I considered buying snow tyres but I didn’t want to have to store them the rest of the year, and I know that they would reduce range while fitted. I therefore compromised and recently bought a set of snow socks. For those not familiar with the idea, they are a relatively new Scandinavian invention consisting of Kevlar, fabric and mesh covers that fit over standard car tyres to give additional grip.

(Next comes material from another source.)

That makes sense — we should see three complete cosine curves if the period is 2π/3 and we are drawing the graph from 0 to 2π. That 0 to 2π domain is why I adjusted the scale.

I tried mine out today, going through the complete process of fitting one to see what was involved. Essentially you pull it over and around the tyre except for the part that is in contact with the ground, then you move the car forward to complete the fitting. They naturally don’t fit entirely symmetrically, but apparently this is corrected automatically once you start driving. I didn’t test this, though, as there are clear instructions that they shouldn’t be driven far on tarmac. I have read that they can wear out completely in 10-20 miles on tarmac, but can last indefinitely if only used on snow.

The snow sock should centralise when driven (Image: T. Larkum)
The snow sock should centralise when driven (Image: T. Larkum)

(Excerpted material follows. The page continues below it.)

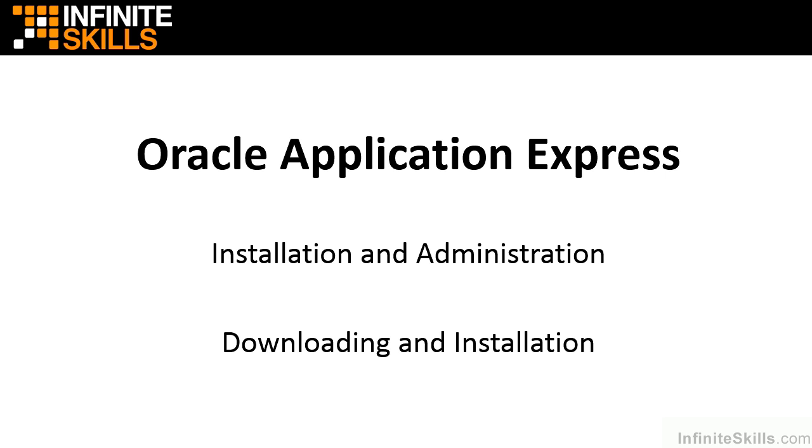Welcome to Oracle Application Express Installation and Administration, Downloading and Installation.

The socks were a very tight fit – which I guess is a good thing in terms of grip. However, it did mean that they were harder to fit than I expected. In particular there is not a lot of room between the wheel arches and the wheels (the 16” alloys in my case) so it would be more difficult if you had large hands. Also, I suspect it may rule out using gloves which is not a nice thought in snowy conditions.

Based on my experience today I plan to allow up to half an hour to fit both socks, drive carefully out of the road, remove them again and pack them away. In fact, I have added a large bin bag to the equipment in my boot so I can bundle them into it when covered in messy snow.

Anyway, given that I was able to fit one today without incident, I feel pretty confident that I will be able to get them on and off in snowy conditions when I need to, and that they will make a great difference in driving ability. In particular, I’m sure they will enable me to get out of my steep road which is the main requirement – at that point I will remove them before continuing to work. I will also then have the option of fitting them at the other end if I need to.

Having researched various snow socks and suppliers on the Internet I decided to choose AutoSocks. They are, as I understand it, the original patent holders and certainly they have accreditation from various safety and motoring organisations to back it up. There are certainly cheaper suppliers but I suspect they take short cuts, for example skimping on the Kevlar.

AutoSocks can be found on Amazon, and the links are below. Of course other suppliers are available (those are affiliate links) – just Google ‘AutoSocks’ for other sources.

Anyway, I’ll post my experiences of how I get on if/when I get to use these snow socks. If you have used snow socks, snow chains or winter tyres on a ZOE then please add your experiences in the comments.

Of course, I’ll be hugely disappointed if there’s not lots of snow this winter!